The amazing thing about technology is how it totally disrupts the entire world. A simple black powder known as gunpowder is one such technology that literally shaped the world we live in today. Gunpowder is considered a technology because it was created by man from other substances. In fact, it is regarded as one of the Four Great Inventions of China.

There have been countless technologies that have been created since gunpowder, but one that comes to mind as having completely changed the entire course of mankind is electricity. There has been an infinite number of technologies born from man’s ability to harness electricity, including the computer and subsequently the internet.

Much like gunpowder and electricity, the computer continues to transform how the human species evolves. Now the internet is yet another technology that is pushing the world forward faster than many of us can keep up. Because of this rapid change, organizations can’t afford to stay behind technological evolution, especially not in this day and age.  

The Latest Disruption Turning Things Upside Down

Software as a Service (SaaS) has been around for quite a long time. Nevertheless, the whole bottom-up distribution of technology within the business world has truly changed the way CEOs, CIOs and IT managers deal with technology transformations. One example that stands out from many in the vast universe of SaaS is Slack. However, Slack is not the only SaaS company run with a bottom-up sales philosophy. Some of the bigger examples include Atlassian, Box, and MongoDB.

However, what separates Slack from the other SaaS companies is the fact that it also acts as an enabler for other applications, allowing them to use Slack as a distribution channel to reach teams and individuals.” The list of other apps it enables is long, but a few of them are DropBox, PayPal, Twitter, and Donut.

Bottom-up Versus Top-Down Innovation

Both bottom-up and top-down innovation models should be considered by CIO’s and IT management professionals. One method is not inherently better than the other, and it depends on the company and who is involved. However, there should be some accountability involved regardless of which innovation model is used. These two models are embodied by two very different types of technology companies.

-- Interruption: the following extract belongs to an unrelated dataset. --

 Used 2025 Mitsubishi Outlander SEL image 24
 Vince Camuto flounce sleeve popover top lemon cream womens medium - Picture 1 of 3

The first of these is Tesla, which is run by Elon Musk. Tesla is a great example of top-down innovation. The second example is Google, which is a company that thrives on bottom-up innovation. Innovative ideas are strongly driven by Tesla’s company’s founder, and those ideas are then handed to the senior leaders who organize the process from vision to reality. The employees of Tesla simply buy in or align themselves with the whole process.

Google, on the other hand, has a totally different way of doing things. They are fueled by the creative and innovative minds of many. It is driven by entrepreneurs and is supported by a top management emphasis on creativity and the development of a can-do culture.

As you can see, both companies have fared very well using both tactics. Musk’s approach is more old-school, while Google’s is the new way businesses are tapping into the hidden talents of their best resource – its employees. You can never go wrong by getting insight from the bottom. After all, most of the consumers that companies wish to engage are normal, working class people.